Additionally, recognize that everyone will often be so focused on the task at hand and their own missteps or successes that we fail to notice when Impostor Syndrome is affecting our Soldiers and NCOs. The truth of the matter is that even your stoic high performers might be struggling with impostor syndrome in their professional or personal lives. The necessity of full disclosure and honest dialogue is needed to identify impostor syndrome and adequately address it. We believe junior officers must provide opportunities for NCOs and Soldiers to identify and overcome Impostor Syndrome. With these ideas in mind, we wanted to share a few specific developmental tips to tackle impostor syndrome in your formation. The desire here is that you serve as a catalyst to help your team keep impostor syndrome in check and reach your full potential.
- Teaching: After further research and consolidation of some key resources, conduct an LPD on impostor syndrome, impostor syndrome awareness, and ways to manage it.

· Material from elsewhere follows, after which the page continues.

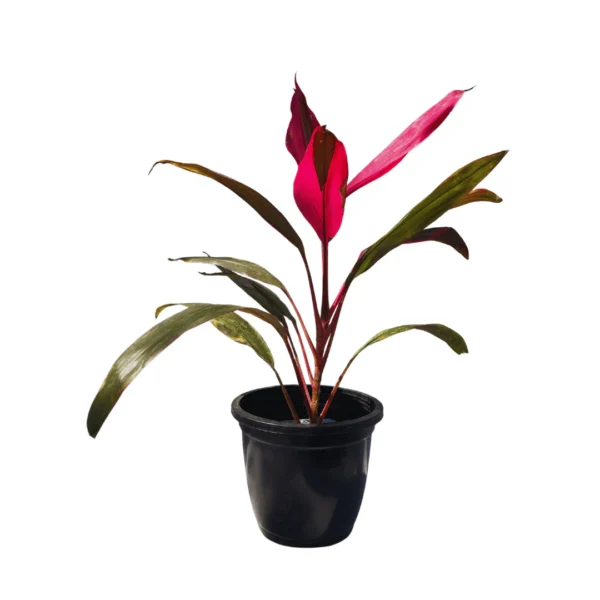 Dracaena Mahatma,Cordyline Terminalis Mahatma Indoor Live Plant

- Coaching: Conduct deliberate coaching on identifying the concrete gap between current knowledge/experience with the desired knowledge/experience. This approach may require external instruction or certification for coaches and may involve a school/training pipeline for those coached to close identified gaps.
- Mentoring: Create a unit mentoring program that may pair newer individuals to a senior in the organization (i.e., SPC with a seasoned SSG/SFC, new LTs with a staff CPT). Of note, these must be long-term, properly matched, and well-prepared developmental relationships.
The tips and reflections here are meant to serve as ideas and perspectives. A key takeaway is that leaders at all levels have faced Impostor Syndrome and will most likely face it again in their personal or professional lives. Although prevalent, impostor syndrome can be understood and overcome by training, coaching, and mentoring junior leaders. It also requires reflection, self-awareness, and a reality check. Armed with this knowledge, we are sure you can help your team, section, platoon, and companies to be resilient and overcome Impostor Syndrome.
MAJ Moyeno is a 2021 CJO Leadership Fellow. LTC Cook and Ms. Rosnick are 2021 CJO Senior Leadership Fellows.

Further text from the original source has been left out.